At the tail of the mouse combined plot, `Beta Cell` and `Gamma Cell` reach
**0.00** recall and `Delta Cell` **0.17**: the scarce endocrine populations are
almost entirely reassigned to more abundant neighbours. In human the weakest are
`Mixed T Cell` (**0.27**), `Adipocyte` (**0.56**) and `Dendritic Cell`
(**0.57**). For any low-support label, a confident-looking prediction is not
evidence the class was actually recovered — verify it directly.

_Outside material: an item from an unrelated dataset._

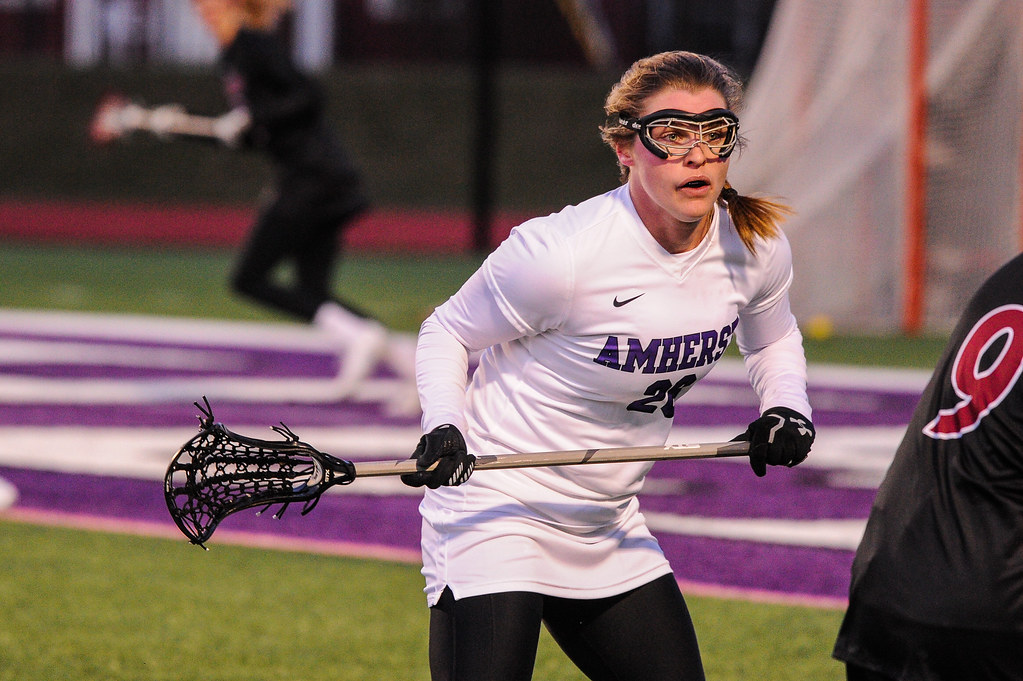 NESCAC Women's Lacrosse Bates at Amherst NESCAC Womens L… Flickr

### Continuum states have no clean boundary

Recall degrades wherever the label discretises a gradient rather than a discrete
identity: the malignant `EMT` state (0.71–0.75), the transitional `Acinar Idling`
/ `Acinar (REG+)` states, and `Mixed T Cell` are confused with their neighbours
even when the parent branch is correct. This is a limit of the labelling scheme,
not only of the model.

### Routing errors are unrecoverable

Cells are dispatched by the root call, so a *Malignant* / *Non-Malignant* mistake
sends a cell to a sub-classifier that cannot emit its true label. The root is
accurate (0.96 human, 0.99 mouse), so the effect is small — but it is a hard
ceiling on end-to-end accuracy, and it is why the `combined` plots sit below the
corresponding branch plots.

### In-distribution scores do not transfer for free

These models were fit on the PDAC atlas. Queries from other protocols, tissues, or
conditions are out-of-distribution and will generally score lower than the tables
above. At inference the query is realigned to the training gene panel and
**missing genes are silently zero-imputed** — a query lacking many panel genes
degrades without raising an error. Outputs are point predictions with no
calibrated uncertainty. Validate against canonical markers (see the end of the
[classifier tutorial](notebooks/classifier)) before drawing biological
conclusions.

## Reproducing these figures

The plots and `metrics.csv` files are written by the training script, which carves
out the hold-out split and evaluates every model on it:

```bash
python scripts/train_classifier.py \
    --species human \
    --atlas /path/to/Human_Atlas_Harmonised.zarr
```

Outputs land in `scripts/eval_outputs/<species>/`.